## Directions
Restate word for word the section of the entries that opens at the line containing "FRUITI-O DRINK POMEGRANATE BOTTLE 1LITRE" and closes at the line containing "Cupshe Black Bodysuit Womans Size XL", both lines kept, pictures dropped.

## Records for processing
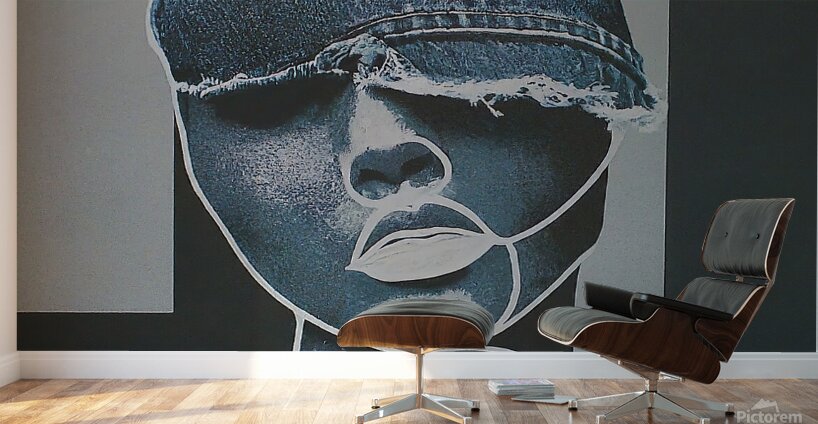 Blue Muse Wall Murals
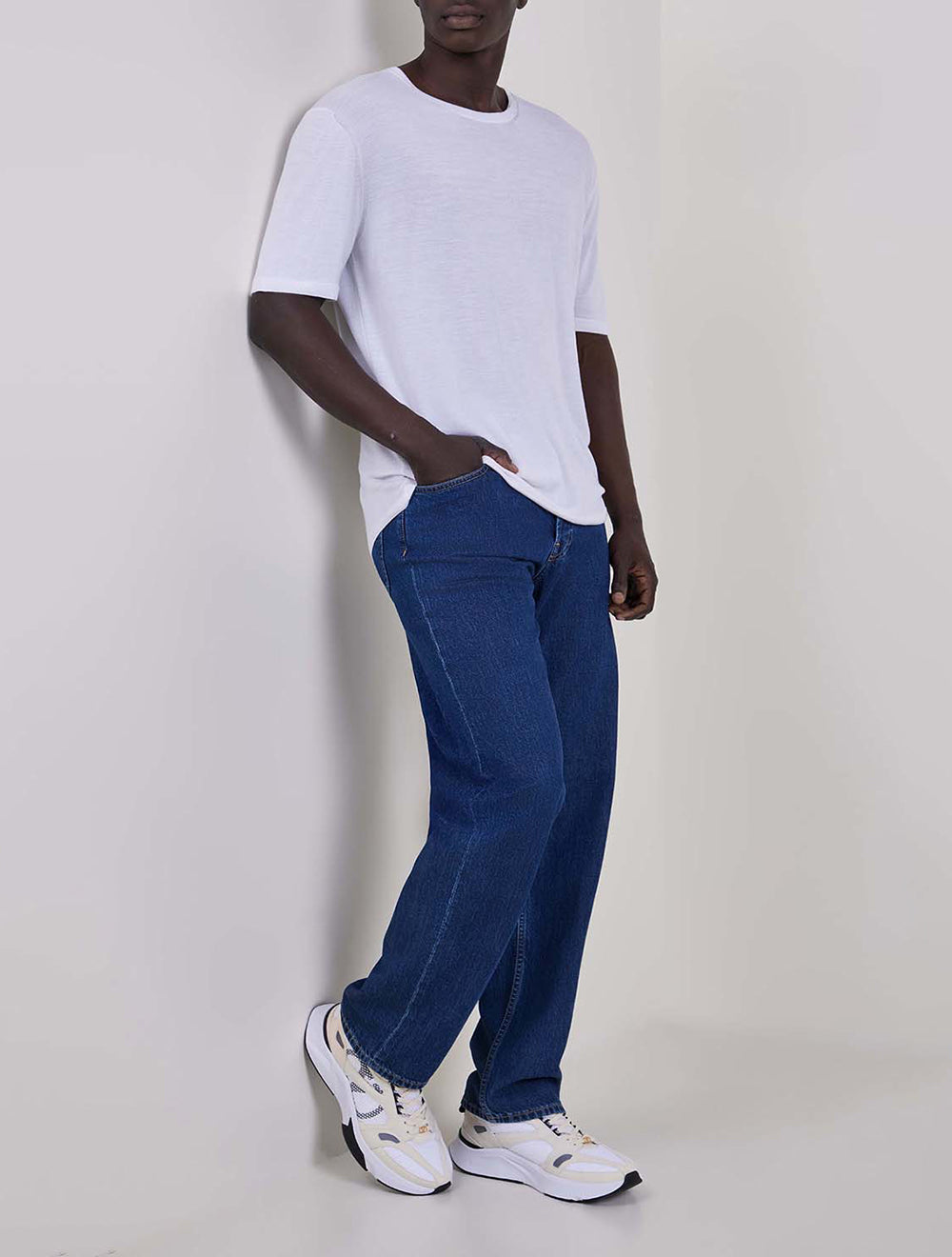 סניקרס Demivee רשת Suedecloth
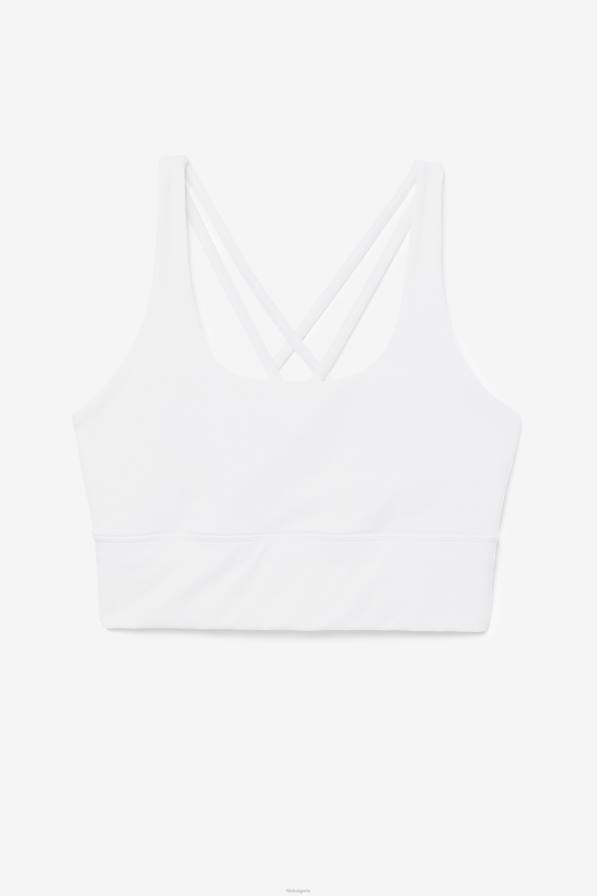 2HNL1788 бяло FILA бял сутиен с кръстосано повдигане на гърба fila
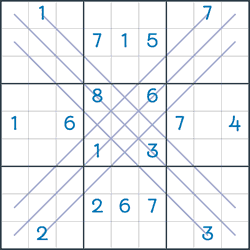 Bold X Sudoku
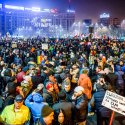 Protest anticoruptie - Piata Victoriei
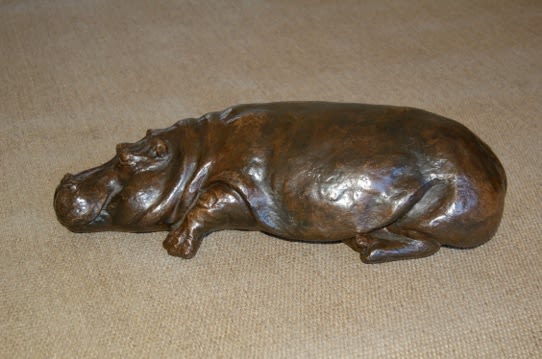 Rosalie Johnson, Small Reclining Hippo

...

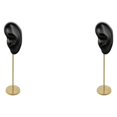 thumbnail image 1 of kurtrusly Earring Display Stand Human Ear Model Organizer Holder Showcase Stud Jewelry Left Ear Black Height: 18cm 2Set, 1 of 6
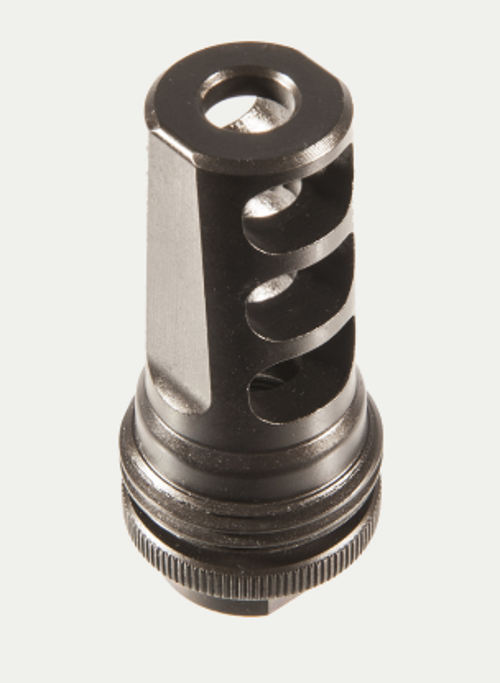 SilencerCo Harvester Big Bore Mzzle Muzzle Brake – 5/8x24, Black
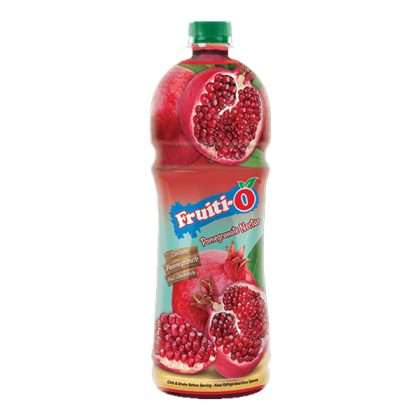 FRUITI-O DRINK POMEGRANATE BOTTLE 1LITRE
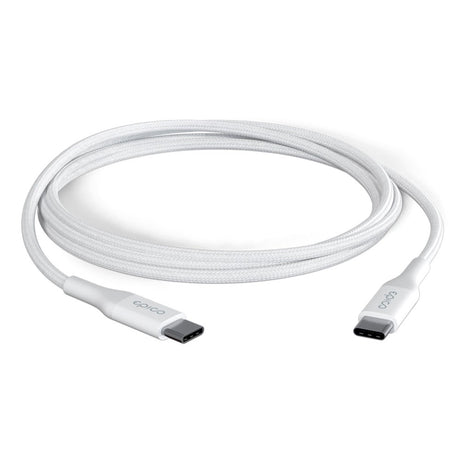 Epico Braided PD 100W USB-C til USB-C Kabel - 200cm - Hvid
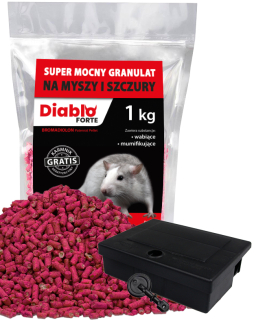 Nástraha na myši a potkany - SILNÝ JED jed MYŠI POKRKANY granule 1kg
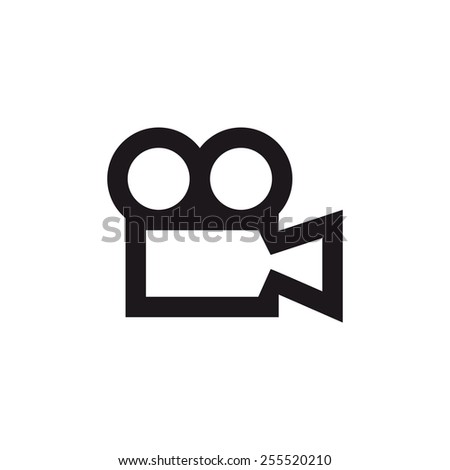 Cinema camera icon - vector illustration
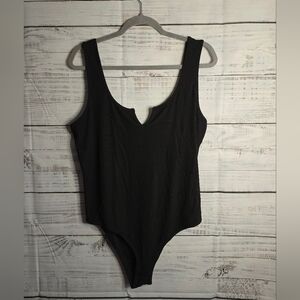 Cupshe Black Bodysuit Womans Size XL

--

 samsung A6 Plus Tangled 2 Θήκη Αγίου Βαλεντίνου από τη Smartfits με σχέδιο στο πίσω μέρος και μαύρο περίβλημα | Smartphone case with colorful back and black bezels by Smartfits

## Exercise result
 FRUITI-O DRINK POMEGRANATE BOTTLE 1LITRE
 Epico Braided PD 100W USB-C til USB-C Kabel - 200cm - Hvid
 Nástraha na myši a potkany - SILNÝ JED jed MYŠI POKRKANY granule 1kg
 Cinema camera icon - vector illustration
 Cupshe Black Bodysuit Womans Size XL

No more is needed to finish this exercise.